中国が人民元の国際化を加速させる中、ヨーロッパ最大の銀行、HSBC(香港上海銀行)のダグラス・ジャーディン・フリント主席は5月24日にロンドンで開催された2013年の年次株主総会で、人民元は2015年に日本円に代わって米ドル、ユーロと並ぶ世界三大通貨の一つになり、5年以内には人民元の全面的な自由化が実現すると予測した。これについて香港のアナリストは、将来的に人民元が今の日本円の地位に着くことは疑う余地がないが、2015年の実現は困難だとの見方を示した。
世界の通貨取り引き量は、BIS(国際決済銀行)の2010年の調査で米ドルがトップ。
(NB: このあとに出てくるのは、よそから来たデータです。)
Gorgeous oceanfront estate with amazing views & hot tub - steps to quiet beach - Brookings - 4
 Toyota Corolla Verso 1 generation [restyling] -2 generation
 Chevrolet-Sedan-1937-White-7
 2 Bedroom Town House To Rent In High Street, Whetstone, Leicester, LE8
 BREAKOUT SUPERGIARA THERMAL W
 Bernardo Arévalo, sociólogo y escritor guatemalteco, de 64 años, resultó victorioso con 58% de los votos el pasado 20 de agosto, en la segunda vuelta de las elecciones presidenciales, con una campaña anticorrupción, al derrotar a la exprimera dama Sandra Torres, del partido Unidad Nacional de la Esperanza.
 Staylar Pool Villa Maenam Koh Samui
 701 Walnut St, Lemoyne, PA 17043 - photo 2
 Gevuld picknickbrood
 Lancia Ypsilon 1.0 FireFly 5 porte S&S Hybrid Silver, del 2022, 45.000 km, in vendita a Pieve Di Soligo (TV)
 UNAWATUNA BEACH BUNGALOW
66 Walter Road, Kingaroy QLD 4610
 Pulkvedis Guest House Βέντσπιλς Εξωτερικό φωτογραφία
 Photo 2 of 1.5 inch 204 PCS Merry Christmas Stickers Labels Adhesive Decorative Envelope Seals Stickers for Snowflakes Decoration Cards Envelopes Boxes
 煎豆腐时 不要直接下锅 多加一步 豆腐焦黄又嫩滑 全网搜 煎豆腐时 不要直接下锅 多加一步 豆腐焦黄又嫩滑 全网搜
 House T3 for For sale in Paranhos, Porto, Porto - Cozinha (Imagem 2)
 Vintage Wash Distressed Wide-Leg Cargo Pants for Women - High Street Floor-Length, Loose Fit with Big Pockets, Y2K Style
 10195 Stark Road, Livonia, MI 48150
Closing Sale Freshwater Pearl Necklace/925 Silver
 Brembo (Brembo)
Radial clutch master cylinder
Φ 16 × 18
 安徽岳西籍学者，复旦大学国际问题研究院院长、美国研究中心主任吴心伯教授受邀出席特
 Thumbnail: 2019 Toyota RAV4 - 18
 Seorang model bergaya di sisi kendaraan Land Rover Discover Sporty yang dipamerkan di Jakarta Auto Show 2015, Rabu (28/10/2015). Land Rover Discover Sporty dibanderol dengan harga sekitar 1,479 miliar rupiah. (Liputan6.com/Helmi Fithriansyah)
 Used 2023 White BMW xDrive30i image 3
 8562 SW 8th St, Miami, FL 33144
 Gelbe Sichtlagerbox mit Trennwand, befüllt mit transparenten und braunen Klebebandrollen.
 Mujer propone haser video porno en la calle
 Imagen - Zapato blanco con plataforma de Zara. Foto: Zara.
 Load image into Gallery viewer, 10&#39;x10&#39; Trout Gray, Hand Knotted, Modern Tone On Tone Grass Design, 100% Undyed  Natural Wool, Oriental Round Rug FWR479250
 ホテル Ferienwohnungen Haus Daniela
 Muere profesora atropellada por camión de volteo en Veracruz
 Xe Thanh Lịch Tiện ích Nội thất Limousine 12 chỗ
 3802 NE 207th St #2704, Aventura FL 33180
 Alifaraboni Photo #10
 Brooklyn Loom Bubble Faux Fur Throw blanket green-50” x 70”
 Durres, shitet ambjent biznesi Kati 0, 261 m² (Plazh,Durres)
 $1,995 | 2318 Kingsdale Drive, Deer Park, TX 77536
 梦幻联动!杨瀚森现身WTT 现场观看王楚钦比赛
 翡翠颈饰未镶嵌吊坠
200%の取り引き量で計算した場合(※通貨取り引きは2種類の通貨が関わるため)、米ドルが占める割合は全体の85%、ユーロは39%、日本円は19%、人民元はわずか0.9%となっている。
だが、フリント主席は、中国と貿易を行う国は増加しており、企業の貿易決済、投資、ローン業務など各方面においても人民元の使用は増加傾向にある。これら企業にとって人民元を扱うことは日常業務の一環となっている。中国マーケットに注目するすべての企業は人民元の潜在的なプラス面を考えるべきであり、オフショア市場、とりわけオフショア債券市場の発展は世界に人民元投資の機会を与えるだろうと述べた。
一方、中国社会科学院金融研究所の曹紅輝・金融市場研究室室長は人民元の自由化について慎重な見方を示した。曹室長は、当面人民元の取り引き量は貿易決算の増加とQDII(適格国内個人投資家)、QFII(適格海外機関投資家)の開放によって拡大されるだろうが、全体で言えば取り引き量は依然限定的なものであり、大切なのは金融の安定を維持することだとコメントした。
株主からも24日の年次総会で中国本土の金融リスクをHSBCは楽観視しているのではといった質問があったが、同行のスチュアート・ガリバー行政総裁は、本土の金融市場の主な問題は不良債権の規模の増大とシャドーバンキングの拡大にあるが、中国当局も十分な監視を行っており目下のところ重大なリスクは存在しないと回答。ただ、HSBCでも今後の事態を注視していきたいと付け加えた。5月25日付け『明報』が伝えた。